The expected output is the line with "a man with a tattoo on his chest" plus all lines after it to the end of the material below, reproduced exactly, with pictures omitted and nothing else included.

• **Supplied material**:
*****
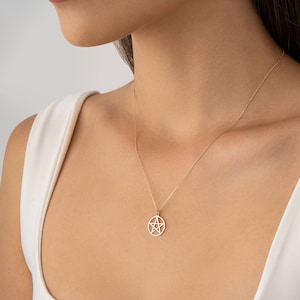Op de afbeelding: Een gouden ketting met een pentacle hanger. De hanger is een vijfpuntige ster in een cirkel.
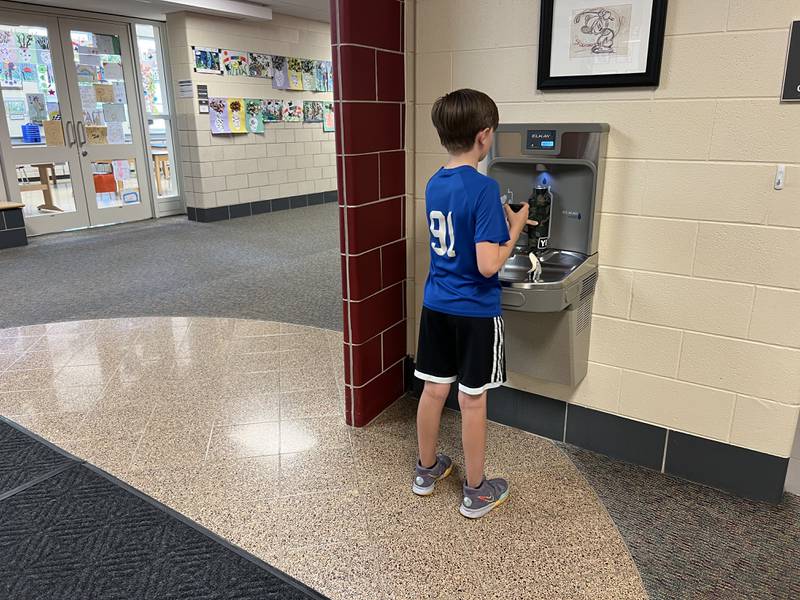 A student at Williamsburg Elementary School fills his water bottle at a water bottle filling station made possible by a $6,345 donation from the school’s PTO. The donation allowed for a filling station to be placed at each of four wings of the school.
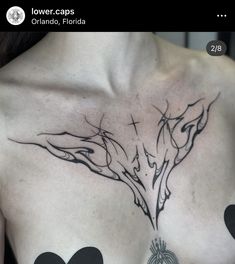 a man with a tattoo on his chest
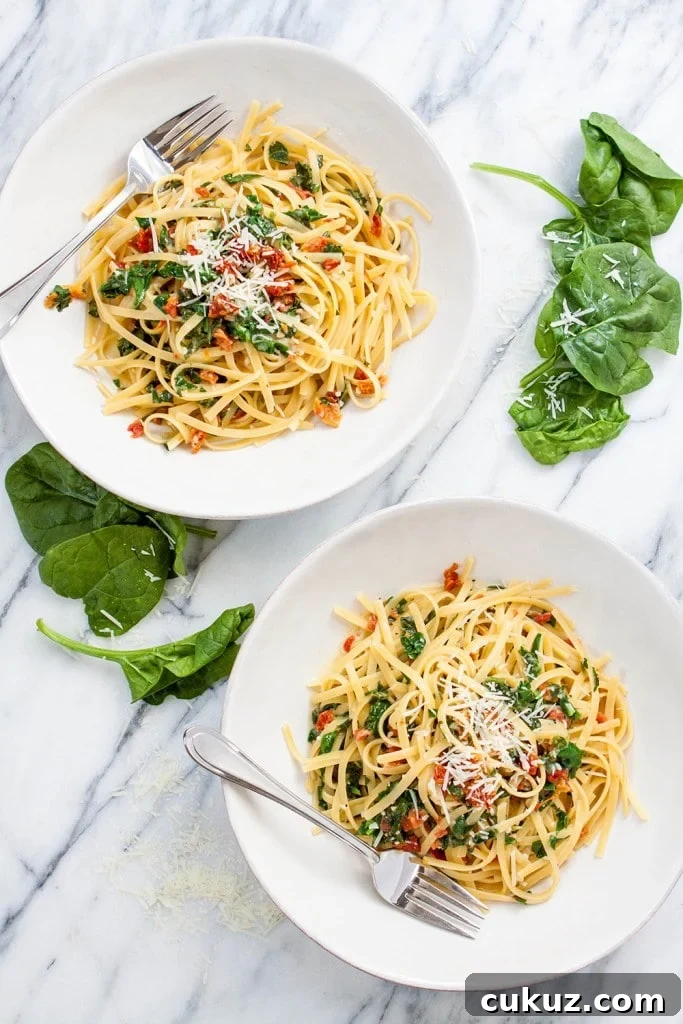 two bowls of spinach and sun dried tomato pasta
*****
• **Exercise solution**:
 a man with a tattoo on his chest
 two bowls of spinach and sun dried tomato pasta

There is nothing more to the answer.